Rabbi’s Corner – Monthly Newsletter – December 2016

This month, two winter holidays–Hanukkah and Christmas–converge on the same day: Saturday, December 24th, 2016 or the 25th of Kislev, 5777.  In this great country of interfaith understanding and relations, two religious groups will begin celebrating two separate holidays at sundown.  Thanks to the differing lunar and solar calendars, which we and our Christian neighbors follow, respectively, these things happen throughout our lifetimes, and when they do, they become times to recognize and celebrate.  In the face of increasingly divisive rhetoric, we should be able to take comfort in the fact that on the evening of December 24th, members of two Abrahamic religions will gather in their homes, with their family, and stand at their windows watching the snow fall, or, in our case, the sun set over the beach. There will be warmth in all of our houses:  the warmth of family and friends, and the warmth of our ovens cooking big meals with ceremonial and traditional foods.  The smells of oil and potato latkes will emanate from Jewish stoves, while the scent of ham and roast turkey will fill Christian homes. And from each of our windows, lights will shine: ours from our Channukiot, our Hanukkah menorahs, and theirs from beautifully decorated Christmas trees.  We both will join together with our children or parents, engaging in acts of generosity, providing gifts to one another in what we call the “spirit of the season.”


And what is the “spirit of the season”?  Well, it certainly encompasses the many items listed above.  And while we can debate and argue about the origins of our holidays, or even discuss the challenges of interfaith gatherings, there is something deeper that we should identify this winter: the fact that humanity wishes to be together. Most of us, no matter our religion, know that it is not a coincidence that Christmas is celebrated on December 25th, the beginning of the Winter Solstice, the day in which winter was declared over, and spring was coming.  It is  also no coincidence that Jesus, according to Christian timelines, was born on the Winter Equinox, and was resurrected on the Vernal Equinox.  These dates were chosen purposefully.  But lesser known is that December 25th was also historically the festival day of Pagan religions called Saturnalia, wherein the sun gods were celebrated.  In essence, the founders of Christianity, and those who implemented the holiday into the Solar calendar, brought together all kinds of people who would then celebrate their holidays on the same day, in the same season.  From the beginning, humanity began to come together and celebrate together.

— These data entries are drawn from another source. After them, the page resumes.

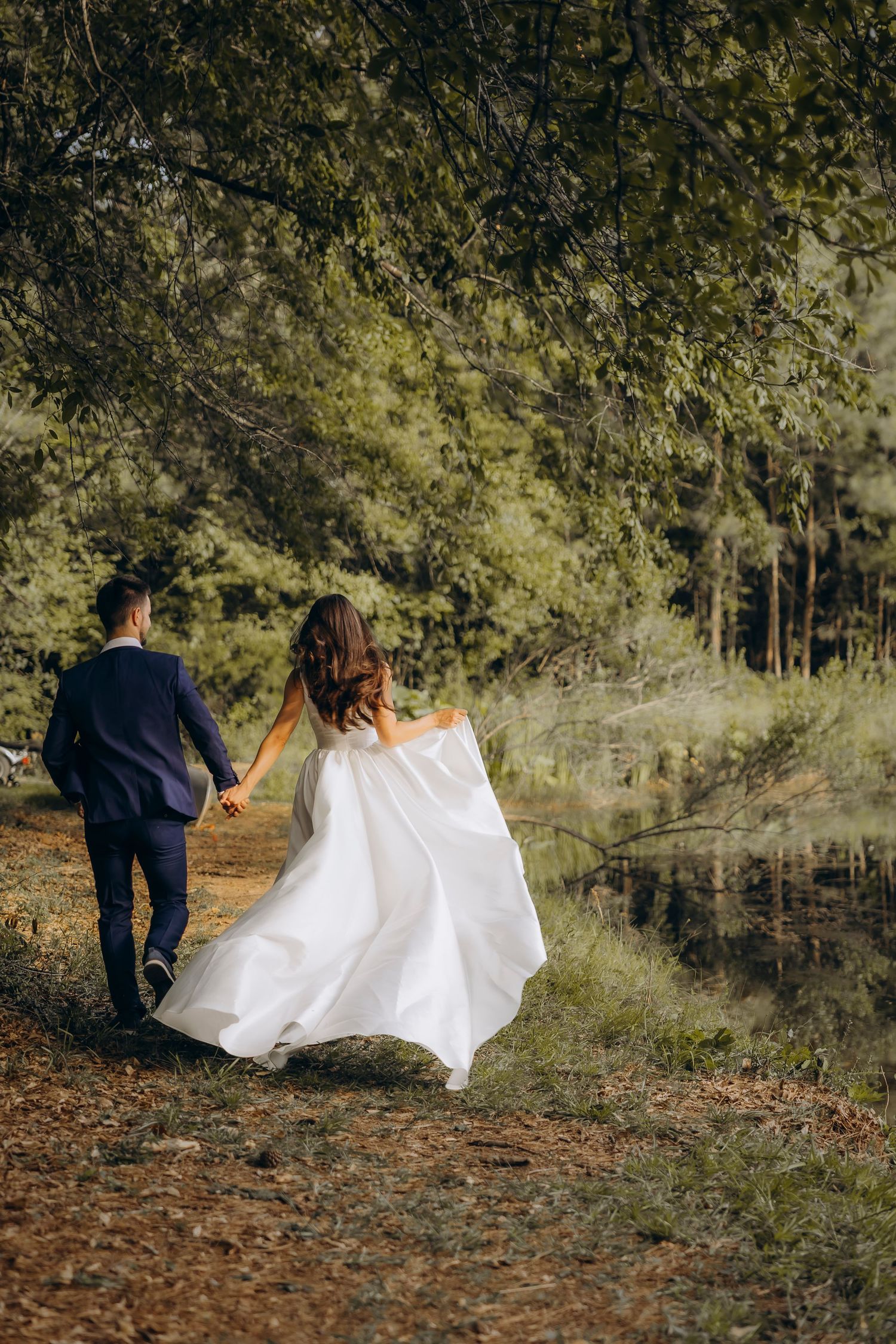 Bride and groom walking through a lush green forest in Georgia, candid elopement photography in a forest setting by Julia Tris.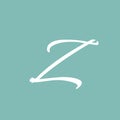 Elegant white cursive letter z initial monogram in a beautiful soft muted teal background creating a sophisticated visual identity Royalty Free Stock Photo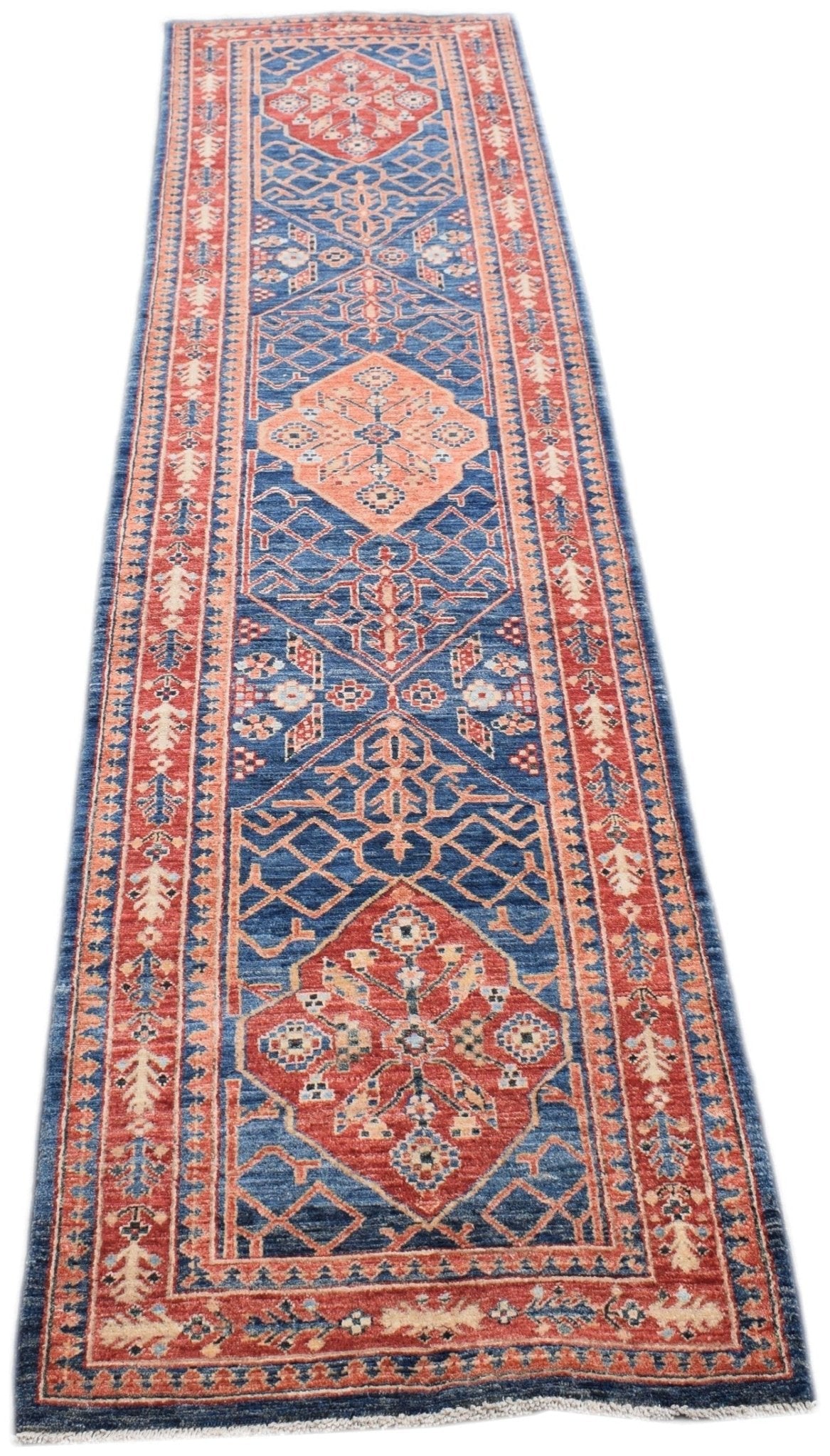 Handmade Afghan Chobi runner rug featuring traditional geometric patterns in blue and terracotta.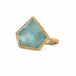 18k yellow gold ring featuring an aquamarine carved into a pentagon shape with protruding facets giving it a three-dimensional quality.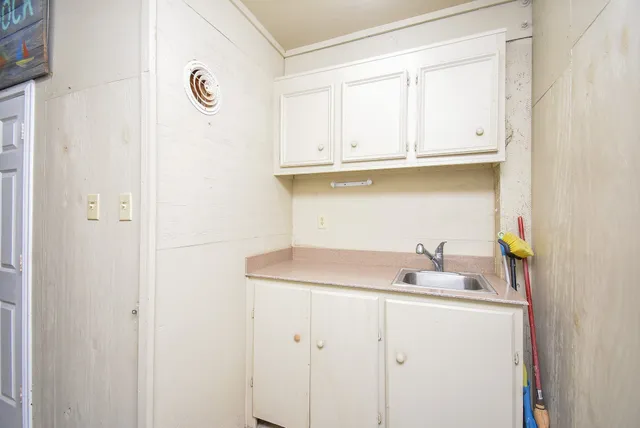 a bathroom with a sink and cabinets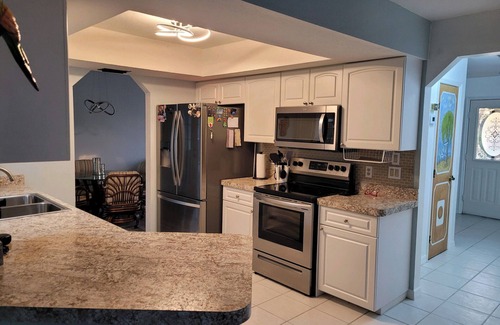 Port Charlotte House | Charming 3-bedroom house in Port Charlotte on canal with dock and private pool.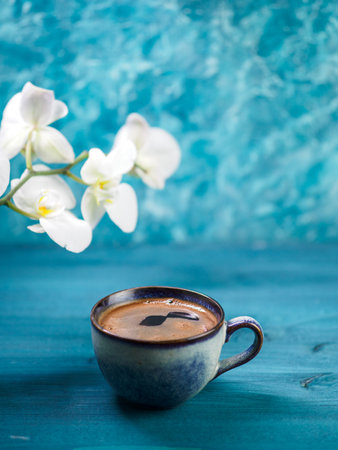 A blue cup of coffee on a blue background. White Orchid Branchの写真素材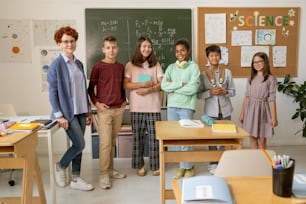 Young successful teacher and group of secondary school students standing against blackboards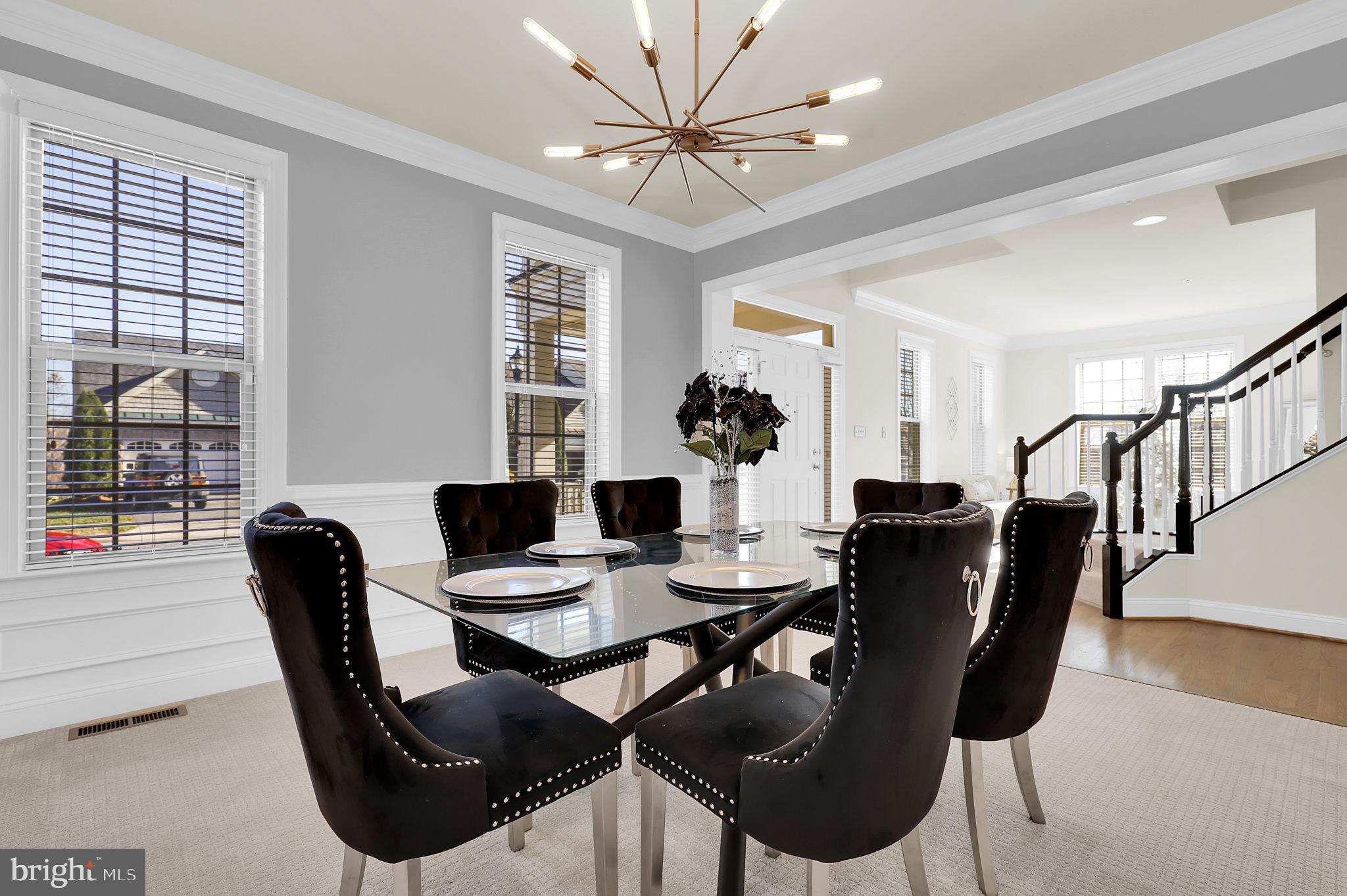 1305 Moore Spring Court Brunswick, MD 21716 - Photo 5 of 64 a view of a dining room with furniture and wooden floor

While Hanukkah, the Jewish holiday commemorating the rebellion against Hellenistic forces in the 2nd century BCE, was for a long time a rather unimportant holiday, something changed when it interacted with American and European winter and Christmas culture.  As Jewish families saw the over-the-top celebration of Christmas and winter, with songs on the radio filling our ears, and lighted displays and imagery filling our eyes, it was only natural for us as humans wishing to be together to elevate the holiday of Hanukkah next to Christmas so that we, too, could all celebrate our holidays together.  Hanukkah then became a rather popular holiday, even a commercialized one, which led to Jews and Christians shopping together, and Christmas sales becoming “holiday sales” with blue and white “holiday lights,” Menorahs, and dreidels selling adjacent to the red and green Christmas sections.  Likewise, interfaith families came closer together, merging these winter holidays, following in the footsteps of the Pagans and Christians merging together.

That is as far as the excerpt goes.